O segundo polo, da direita moderada e reformista, é liderado pela Embaixada dos Estados Unidos com a cooperação da CICIG, do Ministério Público, de Procuradoria dos Direitos Humanos, do ministro do Interior e da Receita Fiscal. Este grupo perdeu o poder após a eleição de Morales e da maioria dos deputados que controlam a Parlamento, eleitos entre partidos criminosos como o Partido Patriótico de Molina, e o Partido Líder de Manuel Baldizón, além de outros partidos de direita aliados. Dessa forma, Morales conseguiu a eleição de uma junta diretora pelo Congresso que apoia a política de seu governo.
O terceiro polo poderia ser chamado de popular, multiétnico. Nesta convergência encontramos muitos grupos heterogêneos, associações de defesa dos direitos humanos, associações indígenas, educacionais, sindicais, fundações, ONGs. Entre eles emergem o Gran Consejo de Autoridades Ancestrales e a Assembléia Social e Popular, criada na Universidade de San Carlos para coordenar as associações que participaram da primavera guatemalteca com o objetivo de lançar uma reforma radical do Estado. Esses grupos não conseguiram uma união e uma organização suficientes para obter alguma influência no âmbito nacional.
Também em relação à hedionda tragédia do abrigo estatal, estes três grupos de poder medem suas forças. O polo criminoso, responsável pelo massacre, o grupo reformista que, através do Ministério Público, procura identificar e punir os culpados e o polo popular que exige uma reforma radical do Estado, mas de forma desorganizada e ineficaz. Vários grupos convocam assembléias e manifestações, mas não emerge nenhuma coordenação para todas essas associações.

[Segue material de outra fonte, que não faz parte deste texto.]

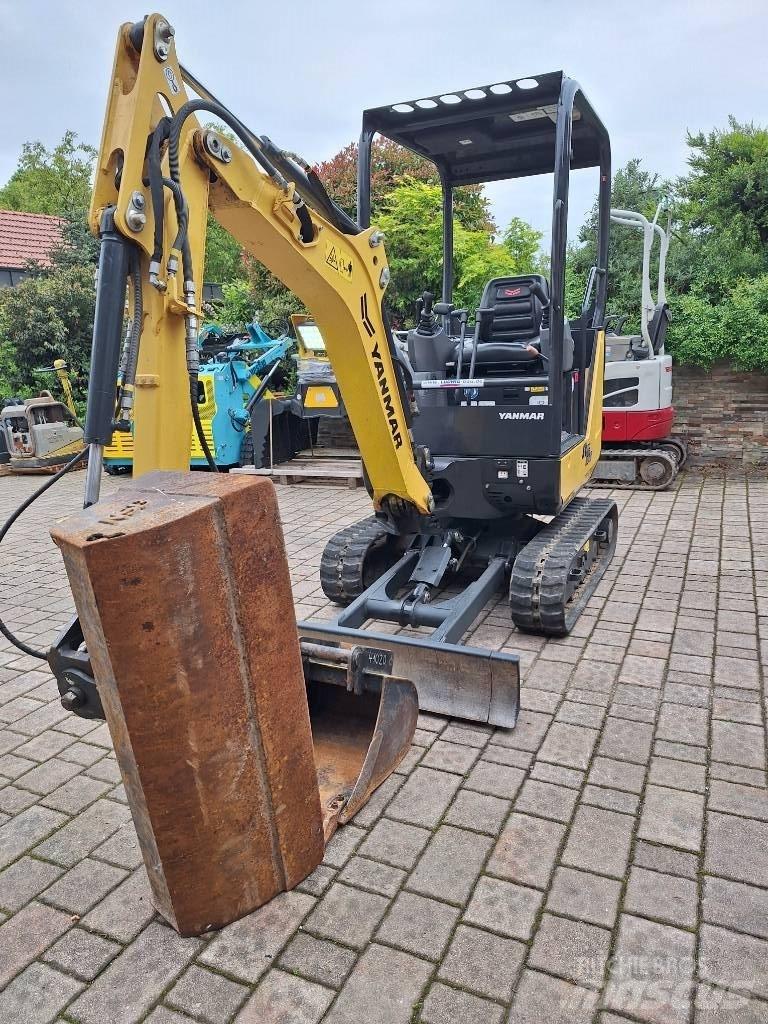 Yanmar SV 15 Mini bagri <7t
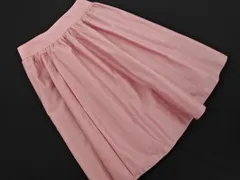 MACKINTOSH PHILOSOPHY マッキントッシュフィロソフィー Aライン 台形 スカート size38/ピンク ■◇ レディース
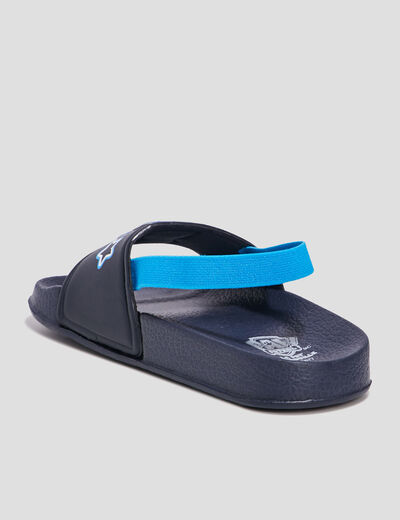 Mules de plage Pat Patrouille bleu garçon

Na Bélgica, em 1996, um caso mais restrito envolvendo um pedófilo que sequestrou e assassinou algumas meninas, provocou uma reação popular maciça e a marcha de mais de trezentas mil de pessoas na capital. Eu gostaria que tivesse ocorrido uma mobilização similar neste país que eu amo e com o qual me identifico.
Como reagiu a Mojoca?
Com assombro, raiva e tristeza. As adolescentes queimadas vivas eram colegas dos jovens do Mojoca. Eles viviam no mesmo ambiente, compartilhavam a mesma realidade de pobreza e exclusão.Madelyn, de 15 anos, e sua irmã menor, passaram pelo Mojoca, viveram na Casa 8 de Março e foram reinseridas na família. Só que, infelizmente, mais tarde um juiz encaminhou Madelyn ao maldito abrigo, onde ela foi queimada viva. Jacqueline, 15 anos, fugiu sete vezes daquele lugar de morte e, felizmente, se reconciliou com sua avó e foi morar com ela. Fazia parte do pavilhão Mi Hogar, onde começou o justo protesto das adolescentes contra os seus algozes. O caminho pode ser violento quando a polícia bate em você, quando matadores acabam com tua vida, mas nos grupos de rua, meninas e meninos encontram uma família que os protege, que lhes dá abrigo, que os respeita.
O Mojoca é um movimento direto com regime de autogestão por meninas e meninos que vivem ou viveram na rua. O método de ensino é baseado na amizade, no respeito pela sua dignidade e sua liberdade. No Mojoca, meninas e meninos organizam-se para defender os seus direitos, melhorar a sua qualidade de vida, contribuir para a construção de uma sociedade mais justa e equitativa, fraterna.
No Mojoca, as meninas, os meninos e os adolescentes encontram um suporte para realizar seus sonhos e muitos já saíram das ruas e estão integrados na sociedade. O Mojoca participa do Movimento Popular guatemalteco e internacional. Atualmente soma-se ao protesto de outras organizações contra os feminicídios de 8 de março, realizados no mesmo instante em que, na capital, o movimento protestava contra a violência, a discriminação e o feminicídio.